Delhaize v. Lay has been a closely followed case on the North Carolina “forced combination” question. Interest waned a bit when the North Carolina Court of Appeals decided against Wal-Mart on the same issue in Wal-Mart v. Hinton, 197 NC App, 30, 676 S.E.2d 634 (NC App. 2009). In Wal-Mart, the court found that the Department of Revenue could force combined reporting to reflect the “true earnings” of the enterprise regardless of whether or not it made a finding of “non-arm’s length pricing” between the company’s related entities. The big box retailer petitioned the North Carolina Supreme Court for review but was denied a hearing.Now comes Delhaize, the parent company of the grocery chain, Food Lion, who had the unfortunate luck to have to follow in Wal-Mart’s wake.

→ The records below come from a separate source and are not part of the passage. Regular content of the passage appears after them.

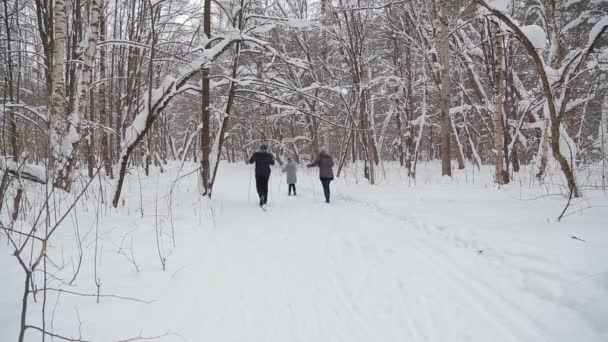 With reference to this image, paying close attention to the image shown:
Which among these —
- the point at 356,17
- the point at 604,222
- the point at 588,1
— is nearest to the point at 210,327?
the point at 604,222

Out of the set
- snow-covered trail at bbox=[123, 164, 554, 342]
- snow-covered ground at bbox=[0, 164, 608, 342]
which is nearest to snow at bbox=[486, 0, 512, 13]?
snow-covered ground at bbox=[0, 164, 608, 342]

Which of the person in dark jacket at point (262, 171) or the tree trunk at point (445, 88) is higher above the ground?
the tree trunk at point (445, 88)

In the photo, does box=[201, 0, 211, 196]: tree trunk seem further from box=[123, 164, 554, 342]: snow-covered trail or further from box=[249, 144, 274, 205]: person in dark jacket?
box=[123, 164, 554, 342]: snow-covered trail

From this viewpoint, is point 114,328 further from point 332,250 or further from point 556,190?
point 556,190

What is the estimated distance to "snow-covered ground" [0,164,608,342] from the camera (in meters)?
2.56

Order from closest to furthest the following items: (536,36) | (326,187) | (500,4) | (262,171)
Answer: (500,4) → (536,36) → (262,171) → (326,187)

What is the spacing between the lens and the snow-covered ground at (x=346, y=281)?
2557 millimetres

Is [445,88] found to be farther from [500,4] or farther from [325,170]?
[500,4]

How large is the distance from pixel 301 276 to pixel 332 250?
1.06 metres

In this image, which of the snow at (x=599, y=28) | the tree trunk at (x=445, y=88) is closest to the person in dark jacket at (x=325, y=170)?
the tree trunk at (x=445, y=88)

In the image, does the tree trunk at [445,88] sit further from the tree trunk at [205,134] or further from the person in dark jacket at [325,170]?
Answer: the tree trunk at [205,134]

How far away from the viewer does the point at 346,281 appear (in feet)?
12.1

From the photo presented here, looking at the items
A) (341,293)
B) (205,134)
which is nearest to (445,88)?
(205,134)

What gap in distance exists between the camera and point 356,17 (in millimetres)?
13391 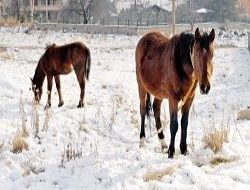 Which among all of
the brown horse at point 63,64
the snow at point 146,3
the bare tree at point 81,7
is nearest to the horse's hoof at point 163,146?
the brown horse at point 63,64

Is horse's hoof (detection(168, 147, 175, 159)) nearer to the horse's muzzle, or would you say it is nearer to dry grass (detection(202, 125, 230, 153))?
dry grass (detection(202, 125, 230, 153))

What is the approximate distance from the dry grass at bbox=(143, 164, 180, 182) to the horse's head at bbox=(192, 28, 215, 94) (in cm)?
106

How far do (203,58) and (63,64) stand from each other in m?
7.56

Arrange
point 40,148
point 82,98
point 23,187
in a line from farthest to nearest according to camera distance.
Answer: point 82,98 → point 40,148 → point 23,187

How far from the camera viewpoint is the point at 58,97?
44.2ft

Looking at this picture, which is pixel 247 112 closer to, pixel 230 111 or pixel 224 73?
pixel 230 111

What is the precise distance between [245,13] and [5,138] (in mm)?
69445

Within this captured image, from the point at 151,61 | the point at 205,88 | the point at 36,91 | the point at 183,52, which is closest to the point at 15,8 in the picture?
the point at 36,91

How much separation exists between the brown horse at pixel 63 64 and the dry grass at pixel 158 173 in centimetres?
653

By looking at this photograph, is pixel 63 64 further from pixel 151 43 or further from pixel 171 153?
pixel 171 153

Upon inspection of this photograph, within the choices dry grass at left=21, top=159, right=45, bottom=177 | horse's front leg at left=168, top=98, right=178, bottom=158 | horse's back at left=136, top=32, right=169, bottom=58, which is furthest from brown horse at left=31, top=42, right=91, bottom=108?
dry grass at left=21, top=159, right=45, bottom=177

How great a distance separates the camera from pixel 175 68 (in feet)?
21.8

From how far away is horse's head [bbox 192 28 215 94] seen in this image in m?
5.87

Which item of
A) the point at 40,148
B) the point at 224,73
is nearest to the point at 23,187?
the point at 40,148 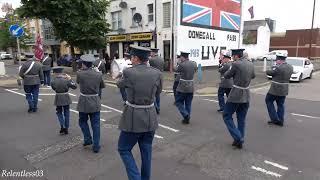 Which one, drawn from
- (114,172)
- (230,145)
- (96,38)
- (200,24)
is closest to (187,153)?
(230,145)

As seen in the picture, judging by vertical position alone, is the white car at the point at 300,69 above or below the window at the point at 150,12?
below

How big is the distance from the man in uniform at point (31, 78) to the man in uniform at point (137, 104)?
609 cm

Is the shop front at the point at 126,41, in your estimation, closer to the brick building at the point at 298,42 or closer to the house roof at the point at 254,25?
the house roof at the point at 254,25

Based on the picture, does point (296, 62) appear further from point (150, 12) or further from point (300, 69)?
point (150, 12)

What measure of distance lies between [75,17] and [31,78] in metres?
12.8

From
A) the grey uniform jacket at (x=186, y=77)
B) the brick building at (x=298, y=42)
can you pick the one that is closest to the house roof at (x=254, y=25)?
the brick building at (x=298, y=42)

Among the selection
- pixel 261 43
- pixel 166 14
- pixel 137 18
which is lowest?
pixel 261 43

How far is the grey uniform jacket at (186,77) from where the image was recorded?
7872mm

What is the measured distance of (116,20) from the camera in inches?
1064

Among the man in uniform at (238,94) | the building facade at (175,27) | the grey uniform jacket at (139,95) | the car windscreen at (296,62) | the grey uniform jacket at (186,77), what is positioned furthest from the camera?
the building facade at (175,27)

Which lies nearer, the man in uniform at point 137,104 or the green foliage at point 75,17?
the man in uniform at point 137,104

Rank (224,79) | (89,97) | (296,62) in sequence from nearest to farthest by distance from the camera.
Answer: (89,97) → (224,79) → (296,62)

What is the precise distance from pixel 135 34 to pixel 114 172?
20.8 m

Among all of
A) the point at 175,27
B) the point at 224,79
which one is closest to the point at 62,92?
the point at 224,79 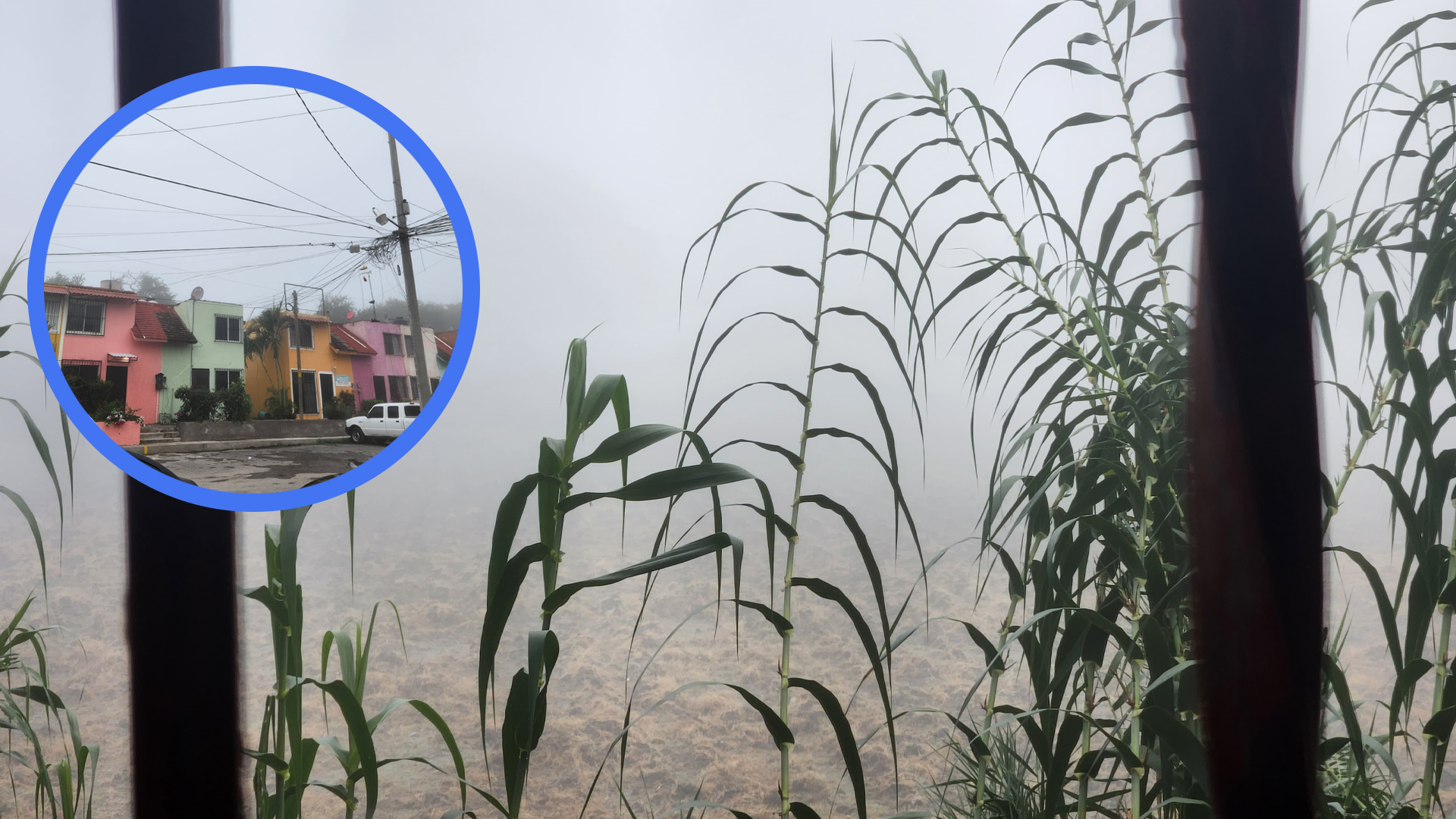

It all started in 1998, when Delhaize, with the assistance of Coopers & Lybrand (now PwC), entered into a state tax planning strategy designed to exploit states that employ the separate reporting method of calculating state income tax. The strategy involved isolating trademarks, trade names, and other assets in a new legal entity in a single state. The new entity would then charge the parent entity royalties and fees for the intellectual property and services housed in the new entity, usually at a pre-determined arm’s length rate. The parent entity would deduct these business expenses even though the fees collected by the new entity later would be returned to the parent company as inter-company dividends. On a consolidated tax return the fee expense and the inter-company dividend would be eliminated against one another having no real effect on reportable income. However, in a separate reporting state only the expense items hit the tax return. The result was a reduction in taxable income in the separate reporting state for the expense of payments that never left the corporate family.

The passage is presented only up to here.